Federalism: The Keystone to Safely Reopening America
From the beginning, the federal response to the COVID-19 pandemic rightfully relied on the principle of “federalism” to guide policymaking, with states taking the lead in managing the crisis response. In a new study famed economists Stephen Moore and Dr. Arthur B. Laffer argue federalism will determine how and when state economies recover from the economic shutdown. Just as state policy determined the economic outlook of states prior to the economic shutdown, so will it determine the speed of the economic recovery. Unfortunately, Moore and Laffer predict negative GDP growth for Q2. Given -4.8% GDP growth for Q1, negative GDP growth for Q2 means many state economies will officially be in recession. However, with the right policies in place, Moore and Laffer find states can end their recessions by late summer and begin a swift recovery this fall.
Moore and Laffer expect the recession resulting from the economic shutdown to be short, despite sharp decreases in employment and quarterly gross domestic product (GDP) growth. Simply, economic data do not support the media narrative of a looming depression. Plus, the economic foundation built over the recent market expansion is likely still present and will aid in the economic rebound as states begin to reopen their economies.
Moore and Laffer also expect the speed and magnitude of the economic recovery will vary greatly depending on the state. First, the COVID-19 pandemic is hitting densely populated states harder than more rural states.
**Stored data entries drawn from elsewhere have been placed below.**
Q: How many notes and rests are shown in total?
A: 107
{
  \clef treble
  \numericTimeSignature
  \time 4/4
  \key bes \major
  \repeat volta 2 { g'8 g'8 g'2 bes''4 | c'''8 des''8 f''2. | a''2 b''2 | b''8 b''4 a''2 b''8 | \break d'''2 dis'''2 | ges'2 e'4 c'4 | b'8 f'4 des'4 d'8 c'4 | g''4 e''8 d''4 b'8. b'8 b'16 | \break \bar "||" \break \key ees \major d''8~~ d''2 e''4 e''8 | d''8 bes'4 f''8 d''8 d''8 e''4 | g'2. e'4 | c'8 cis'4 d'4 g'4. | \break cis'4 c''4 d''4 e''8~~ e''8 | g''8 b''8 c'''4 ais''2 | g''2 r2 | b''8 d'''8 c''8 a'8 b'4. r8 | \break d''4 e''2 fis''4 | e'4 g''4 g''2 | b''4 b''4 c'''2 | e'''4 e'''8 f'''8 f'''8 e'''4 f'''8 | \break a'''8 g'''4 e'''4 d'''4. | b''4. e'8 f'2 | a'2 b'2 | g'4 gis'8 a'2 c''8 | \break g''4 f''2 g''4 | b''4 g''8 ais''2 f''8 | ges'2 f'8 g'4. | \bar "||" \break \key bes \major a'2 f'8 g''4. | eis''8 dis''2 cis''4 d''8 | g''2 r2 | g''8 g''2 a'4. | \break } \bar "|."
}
Since the virus is spread by human-to-human transmission, population density will be a large factor determining how quickly states can safely reopen.
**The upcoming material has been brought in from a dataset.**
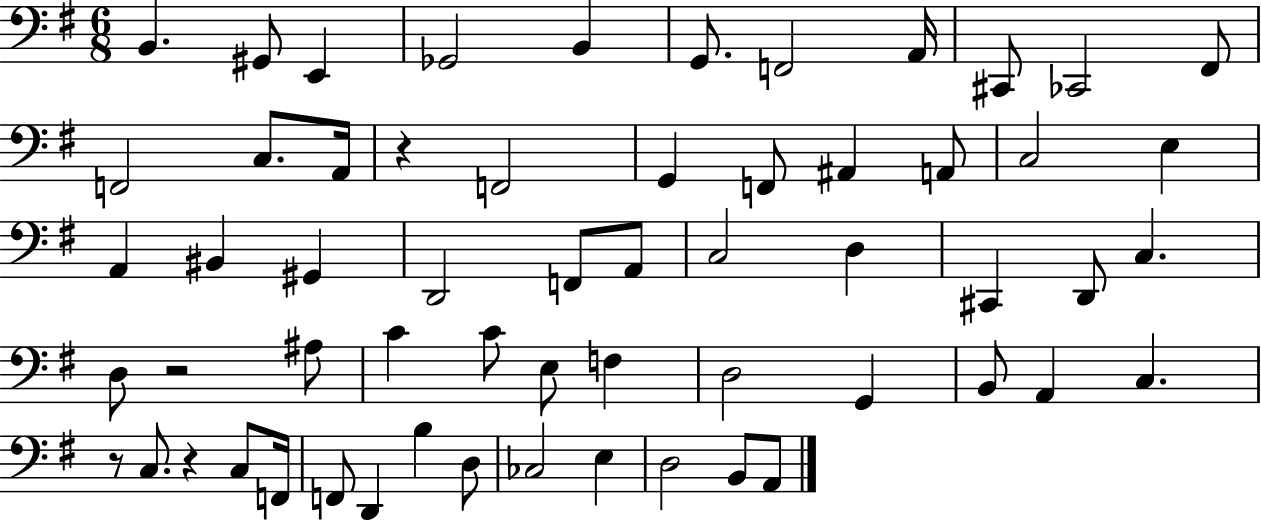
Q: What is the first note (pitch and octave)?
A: B2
External economic factors will also affect how quickly state economies rebound once reopening begins. The energy sector has its own problems unrelated to the COVID-19 pandemic, and these problems will likely persist as the virus wanes. Resource-rich states like Wyoming, and North Dakota may see slower economic growth coming out of the economic shutdown if oil and gas industries remain plagued by globally low prices. On the other hand, California and Washington’s economies are greatly influenced by technology companies that were less affected by the economic shutdown than other industries. These state economies can expect a faster rebound than energy-dependent states that will likely still be struggling with the downturn in the energy economy.
Finally, just as state policy determined the economic outlook of states going into the economic shutdown, state policy will determine how quickly state economies will recover, regardless of an advantageous reopening strategy. The state economies Moore and Laffer expect to recover fastest are Washington, Colorado, Utah, South Carolina, Georgia, Florida, Arizona and Nevada. Except for Washington (technology economy) and South Carolina (retirement economy), each of these states were in the top 20 states for economic outlook in the ALEC-Laffer Rich States, Poor States: State Economic Competitiveness Index, authored by Dr. Arthur B. Laffer, Stephen Moore and ALEC Chief Economist Jonathan Williams. Conversely, the states Moore and Laffer expect to recover the slowest are Pennsylvania, Wisconsin, Ohio, Michigan, Rhode Island, Illinois, New Jersey and Connecticut. Except for Wisconsin, Michigan and Ohio, each of these states rank in the bottom third of states in economic competitiveness.
The ALEC-Laffer Rich States, Poor States: State Economic Competitiveness Index uses 15 equally weighted policy variables proven to affect state economic performance in the long run. Each of these variables directly relate to policies under the control of state policymakers. Moore and Laffer’s work indicates that economically competitive states will recover faster and stronger than uncompetitive states.
Moore and Laffer are correct in their recent analysis: if states insist on the same anti-growth policies that were on the books at the beginning of the economic shutdown, their economic recoveries will be anemic. Instead, states must adopt pro-growth policies to come out of the COVID-19 pandemic stronger than when it began.